The Gardens Between is about two kids, Ariana and Frendt, exploring surreal islands that are made from objects in their shared memories. But you don’t actually control either character directly — you control the flow of time. At first this seems like a difficult thing to wrap your head around. But because of how you are able to observe the forward and backward movement of time, it all makes sense, as you’re able to understand the causality of events. However, when I think about how the characters might see these events unfolding, I end up giving myself a headache. But I can’t stop thinking about it.

Controlling time in The Gardens Between is a bit like scrubbing through a video: tilting the analog stick to the right moves time forward, tilting it left rewinds, and not using it at all stops time completely. And while you can never move time faster than normal speed, tilting the stick only slightly causes time to move slowly. You can also only control time so far as Ariana and Frendt are able to progress, because eventually as you move time forward either, or sometimes both, character will encounter something that stops them.

Their end goal on each island is to reach a large pedestal at the top, and they have to do it while Ariana is in possession of a white orb in a lantern-like thing she carries. Mainly your job is to use your perspective outside their timeline to manipulate things to help them progress, which sometimes involves prompting the characters to interact with certain objects. But for the most part, you are using that perspective to understand and affect the causality of events.

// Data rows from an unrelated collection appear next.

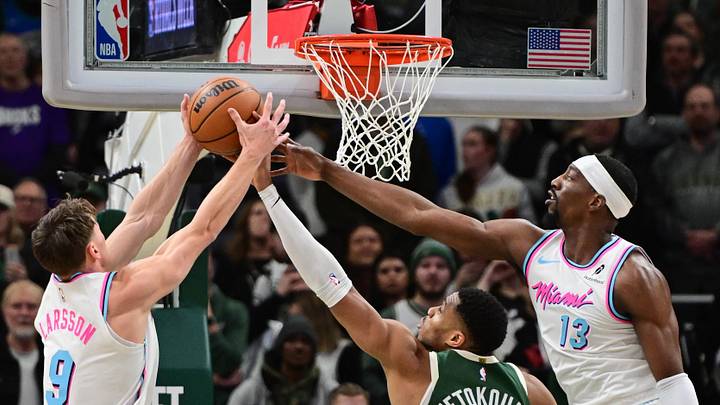 Jan 23, 2025; Milwaukee, Wisconsin, USA; Miami Heat guard Pelle Larsson (9) and center Bam Adebayo (13) reach for a rebound against Milwaukee Bucks forward Giannis Antetokounmpo (34) in the first quarter at Fiserv Forum. Mandatory Credit: Benny Sieu-Imagn Images Jan 23, 2025; Milwaukee, Wisconsin, USA; Miami Heat guard Pelle Larsson (9) and center Bam Adebayo (13) reach for a rebound against Milwaukee Bucks forward Giannis Antetokounmpo (34) in the first quarter at Fiserv Forum. Mandatory Credit: Benny Sieu-Imagn Images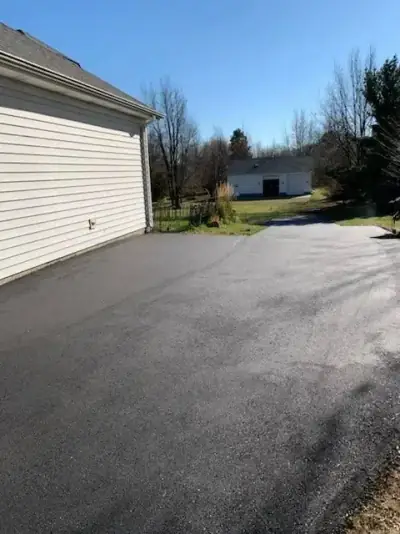 Driveway alongside an attached garage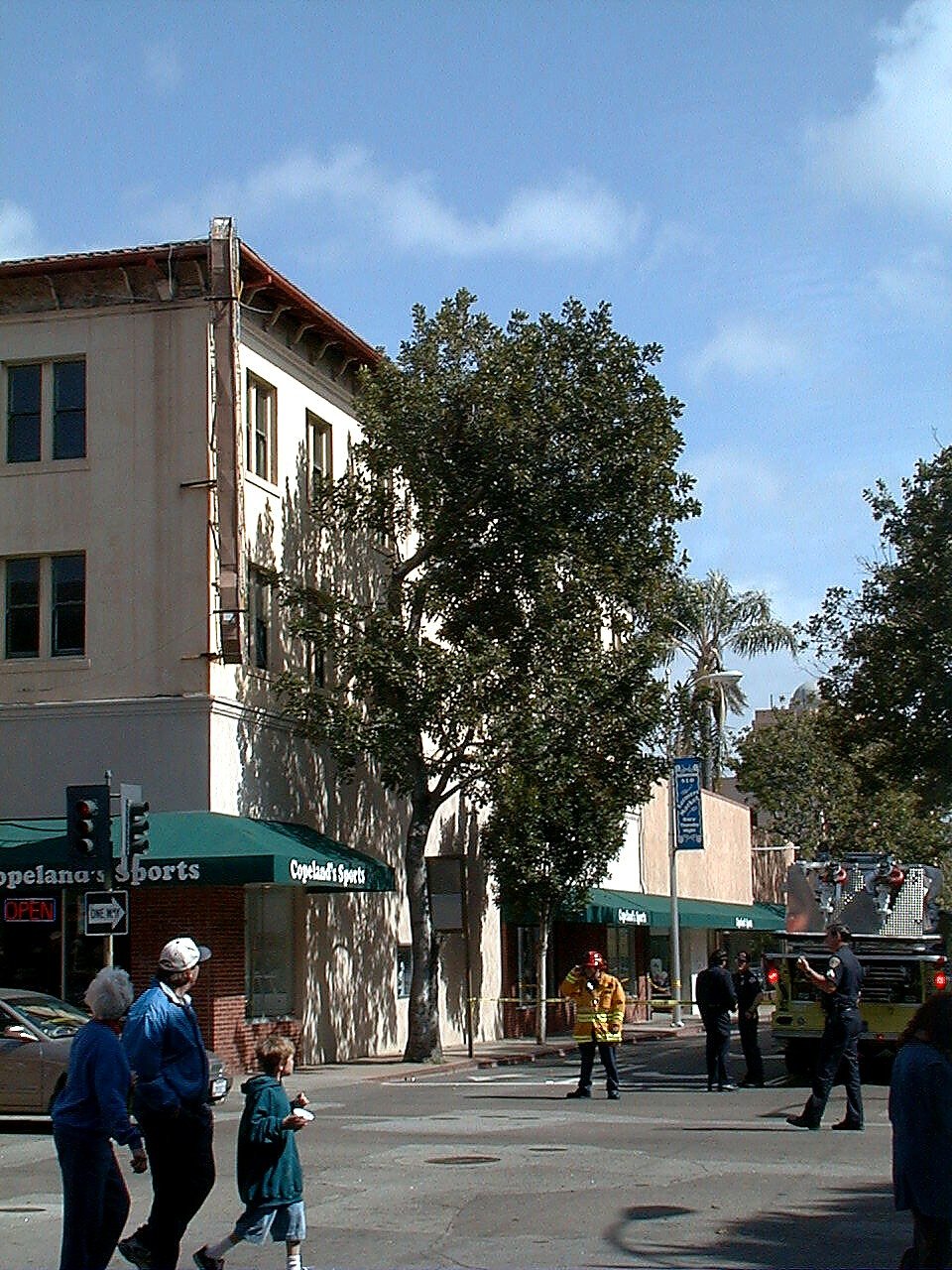 Firefighters and pedestrians near the Wineman Hotel building during the sign incident, April 1999
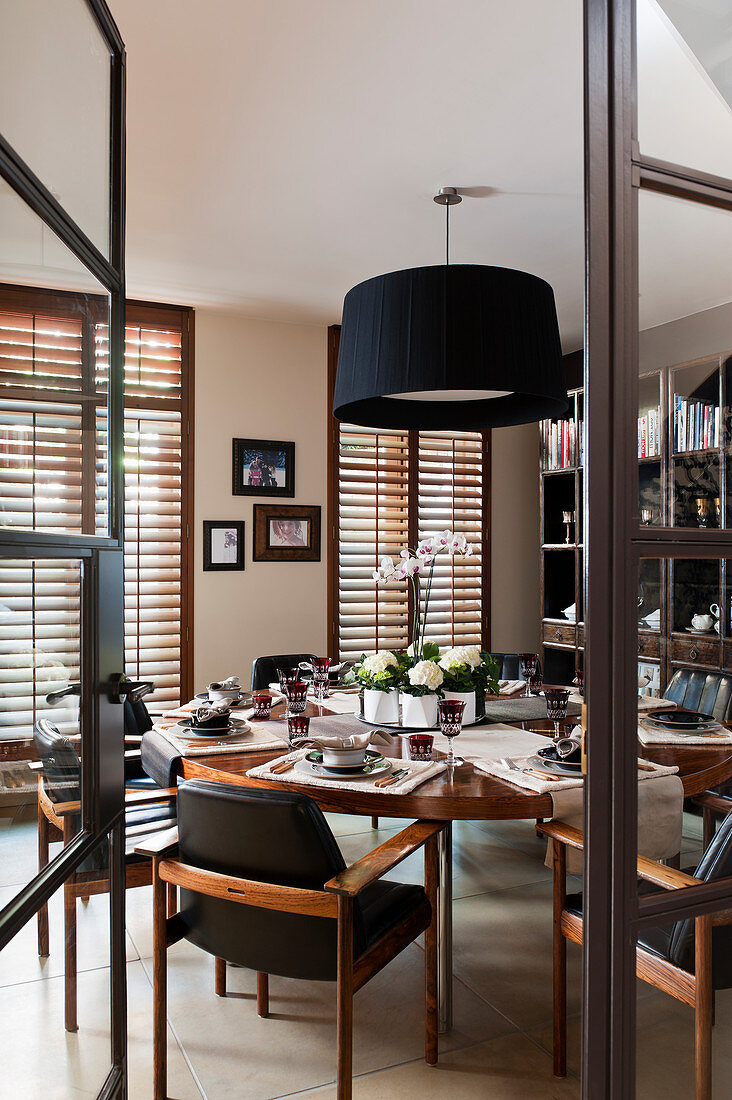 View through open glass door into dining room with round set table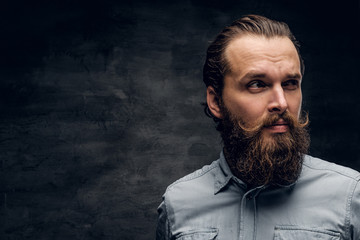 Fototapeta premium Groomed bearded man in light shirt is posing at dark photo studio.
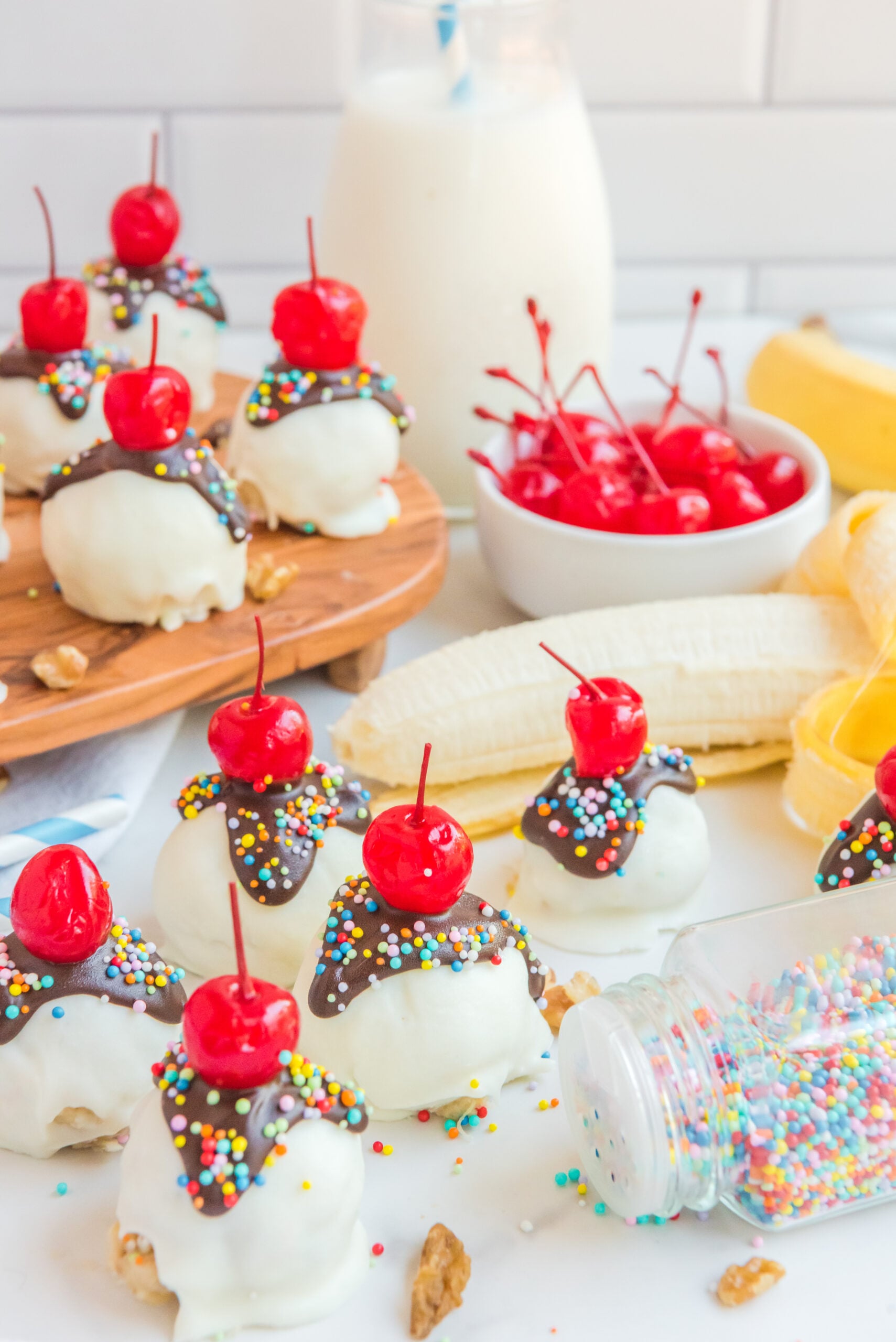 Front view of Banana Truffles surrounded by bananas, a bowl of cherries and nuts.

On one island you might find that Ariana can collect the white orb early on, but as she proceeds she encounters something that absorbs the orb as she passes. In order to get around this you need to scrub through the timeline for something she can put the orb onto that will avoid these absorbing objects, and allow her to collect the orb again later on.

In the game, this series of events might go something like this:

1. Ariana and Frendt set off through the island.
2. Ariana and Frendt walk past the orb-absorbing object.
3. Frendt rings a bell that causes the white orb to appear.
4. Time rewinds to when they would have approached the white orb, but hadn’t because it wasn’t there.
5. Ariana encounters and collects the white orb.
6. Ariana loses the white orb to the absorbing thing.
7. Time rewinds to have Ariana collect the orb again.
8. Ariana puts the orb on the first pedestal.
9. The pedestal moves, and in doing so, gets too close and loses the orb to the absorbing thing.
10. Time rewinds to have Ariana collect the orb again.
11. Ariana puts the orb on the second pedestal.
12. The pedestal moves further down the path as Ariana and Frendt walk past the orb-absorbing thing.
13. Ariana re-collects the orb from the pedestal.
14. Ariana and Frendt proceed to the end of the level.

But from the perspective of the characters the series of events would unfold like this:

1. Ariana and Frendt set off through the island.
2. Ariana encounters and collects the white orb.
3. Ariana places the orb on a pedestal.
4. The pedestal moves further down the path as Ariana and Frendt walk past the orb-absorbing thing.
5. Ariana recollects the orb from the pedestal.
6. Ariana and Frendt proceed to the end of the level.

It’s in thinking about these differences in perspectives that I start to get a headache, but a good kind. It’s similar to when you watch too many videos about how the fourth dimension works. It’s inherently a concept that is difficult to wrap your head around since your brain isn’t built to understand the world in that way. From their perspective there is no way to understand, or even observe, the causality of events that occur for them to reach their goal. Objects could appear out of nowhere, one of them could suddenly teleport, or seemingly nothing could happen as they stroll through the island.

While it’s fascinating to think about things in this way, the game isn’t presented from their perspective, but one where you can observe the causality of events. Yet from that perspective it manages to convey some complicated theoretical concepts about time and space in a way you can understand, without you really noticing it. Just keep some pain relievers handy.

The Gardens Between was created by The Voxel Agents. You can get it on Switch, PS4, and Steam (Windows / Mac OS) for \$19.99. It takes about two or three hours to finish.